Canadian watchmaker, optician and inventor

Horace Victor Dalling (1854–1931) was a Canadian watchmaker, jeweller, optician and inventor. He was the watch inspector for the Canadian Pacific Railway, and is also known for manufacturing the first two telephones in Woodstock, New Brunswick, which he placed in his store and in his home.

==Biography==
Dalling was born in Richmond, New Brunswick on February 5, 1854, to Thomas M. and Matilda Jane (Gray) Dalling. In 1878 he moved to Woodstock and established his business, Dalling's Jewellery Store. In 1879 he married Mary Isabella McKilligan and the two had four children.

His store was damaged by fire on February 26, 1891. His losses ($150 ) were covered by insurance.

In 1900, he donated a silver cup, known as the "Dalling Cup", for golf. Another cup, a gold-lined silver cup, was given in 1905 for the Woodstock Hockey League.

His son William Victor Dalling, fought in the First World War as a gunner. He was wounded in France on October 13, 1916, but died of pneumonia on October 19, 1918, contracted in Fredericton while waiting for his discharge.

Dalling continued to run his store until 1929, when he retired because of ill health. His daughter, Edith, ran the store until his death on January 6, 1931.

==Telephone==
He is most remembered because of his homemade telephone, which he constructed in 1885 and ran between his home on Richmond St. and his store on Main St. He supported the wires by running them in the branches of trees alongside the streets. Telephones (either wires or instruments) were not yet common in the region.

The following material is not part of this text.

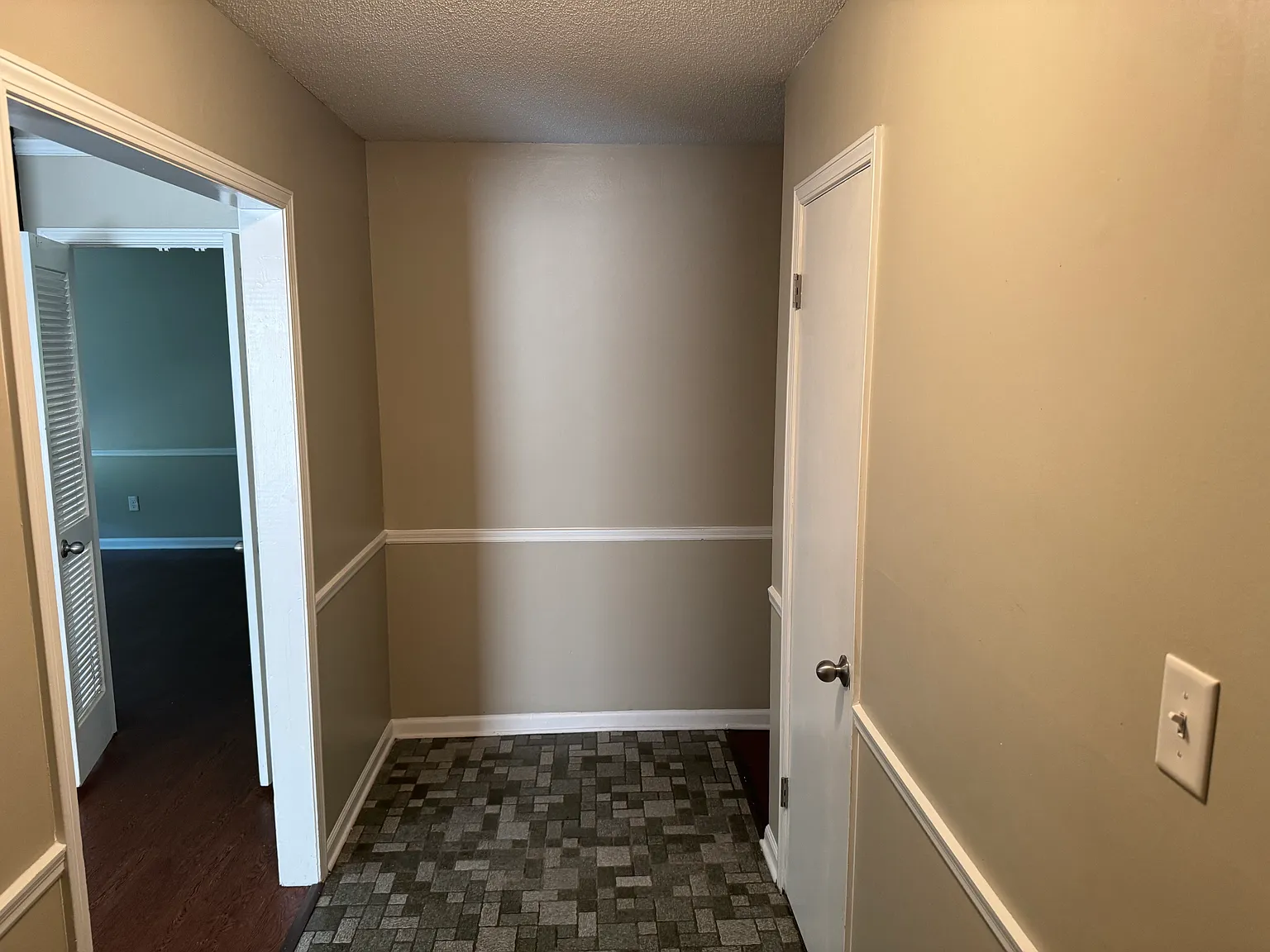 3 bed, 1375 sqft, $1,395 — Photo 2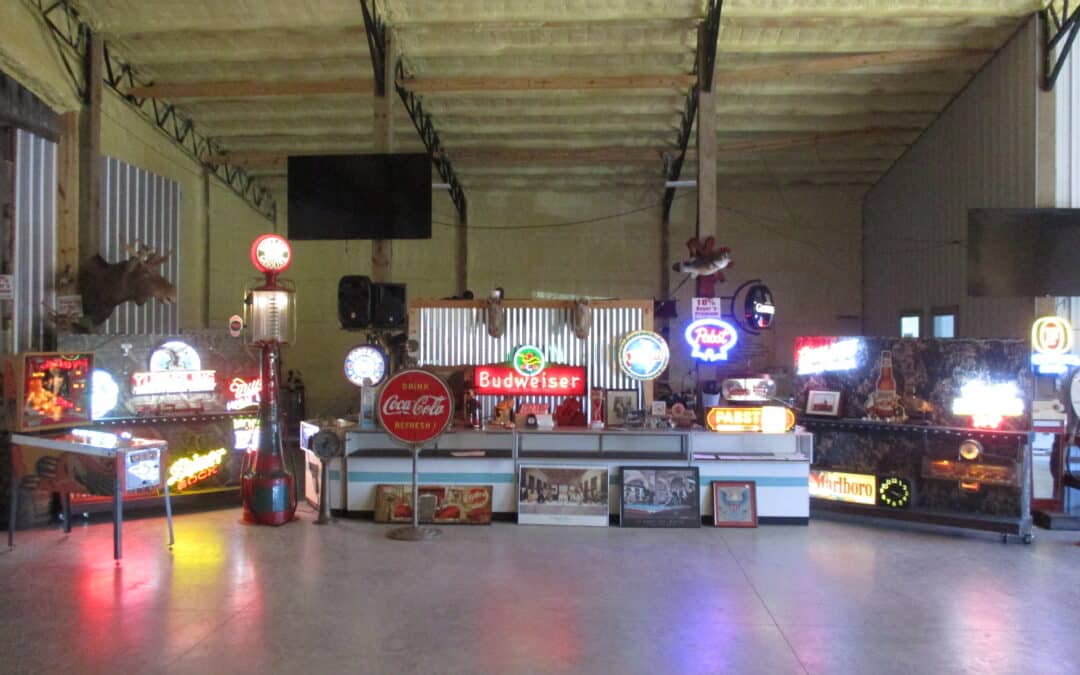 ANTIQUE AND COLLECTIBLE AUCTION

Bell Telephone later investigated his setup and threatened him with a lawsuit for infringing on the company's patent. However, a compromise was reached and Bell opened a small telephone exchange of twenty lines in his store, of which he was the manager. Because there was no service at night or on Sundays, Dalling built and installed a miniature switchboard of eight lines at his home to answer important messages after hours.